For the last few days, I have been trying to reproduce things in a published paper (in quite a reputed journal) from my field. My postdoc mentor is the last author of the paper and the main work was carried out by her collaborators from a different institute and a first author is finishing his Ph.D.
When I saw the paper, I immediately got skeptical because they had missed some obvious things, so I rewrote all the code from scratch and, after a week's extensive checking and cross-checking, confirmed that their results are completely wrong. I told two of my trusted colleagues and they asked me to tell my mentor this. However, I am quite uncomfortable and confused about this.
The student who is the first author has based a big part of his later work on these results. This means that the later work by the student might also be completely wrong. My question is how to proceed from here? Can I ask my mentor to retract their paper? Or should I ask her permission to write a comment about the paper? If I do either of these (or something else which reveals that those results are wrong), would I be considered guilty of destroying the thesis of the first author guy?
I really appreciate any type of help in this matter. Thanks in advance.
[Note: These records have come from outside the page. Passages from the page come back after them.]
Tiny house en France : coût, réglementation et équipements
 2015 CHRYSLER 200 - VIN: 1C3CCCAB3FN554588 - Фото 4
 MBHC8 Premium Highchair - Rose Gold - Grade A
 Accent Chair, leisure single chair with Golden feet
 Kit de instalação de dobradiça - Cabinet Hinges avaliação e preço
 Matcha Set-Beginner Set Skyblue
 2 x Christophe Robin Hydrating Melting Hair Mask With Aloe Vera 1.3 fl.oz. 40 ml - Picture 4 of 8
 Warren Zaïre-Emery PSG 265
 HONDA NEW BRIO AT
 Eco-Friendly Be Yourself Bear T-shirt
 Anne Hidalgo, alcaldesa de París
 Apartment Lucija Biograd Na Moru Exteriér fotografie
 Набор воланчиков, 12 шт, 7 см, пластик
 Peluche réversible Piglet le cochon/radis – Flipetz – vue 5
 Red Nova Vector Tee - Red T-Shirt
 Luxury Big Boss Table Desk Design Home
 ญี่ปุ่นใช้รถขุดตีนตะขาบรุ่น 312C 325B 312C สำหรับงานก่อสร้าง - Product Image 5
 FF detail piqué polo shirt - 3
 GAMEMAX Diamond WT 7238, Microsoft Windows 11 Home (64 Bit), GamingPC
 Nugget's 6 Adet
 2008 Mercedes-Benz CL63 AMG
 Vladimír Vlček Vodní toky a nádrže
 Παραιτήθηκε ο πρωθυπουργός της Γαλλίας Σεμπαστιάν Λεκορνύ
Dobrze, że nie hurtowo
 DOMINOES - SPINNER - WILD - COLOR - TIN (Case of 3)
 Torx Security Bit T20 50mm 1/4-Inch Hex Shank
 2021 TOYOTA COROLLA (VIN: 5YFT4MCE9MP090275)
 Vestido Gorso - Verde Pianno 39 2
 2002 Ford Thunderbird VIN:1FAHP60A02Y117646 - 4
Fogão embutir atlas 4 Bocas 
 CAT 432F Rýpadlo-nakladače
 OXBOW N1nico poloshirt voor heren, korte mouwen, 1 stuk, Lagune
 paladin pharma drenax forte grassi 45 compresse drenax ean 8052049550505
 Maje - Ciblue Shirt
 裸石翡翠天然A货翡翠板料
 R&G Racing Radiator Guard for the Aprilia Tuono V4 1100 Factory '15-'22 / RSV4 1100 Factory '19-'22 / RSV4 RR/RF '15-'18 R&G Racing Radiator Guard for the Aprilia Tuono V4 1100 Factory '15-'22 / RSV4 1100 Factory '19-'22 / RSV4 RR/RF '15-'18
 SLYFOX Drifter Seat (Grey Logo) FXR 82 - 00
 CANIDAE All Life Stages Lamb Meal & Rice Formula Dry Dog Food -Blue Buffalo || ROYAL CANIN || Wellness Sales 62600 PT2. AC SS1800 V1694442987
Edit: All the answers and comments here are very helpful and I thank you all for them. However, I think I was slightly vague while asking. I very well understand that I could be certainly wrong. But the question is what do I do if I am not? In that case, what should be done? (As things stand, they have surely got at least one plot wrong because it directly goes against a famous fundamental theorem. I got this confirmed from a few people in the field.)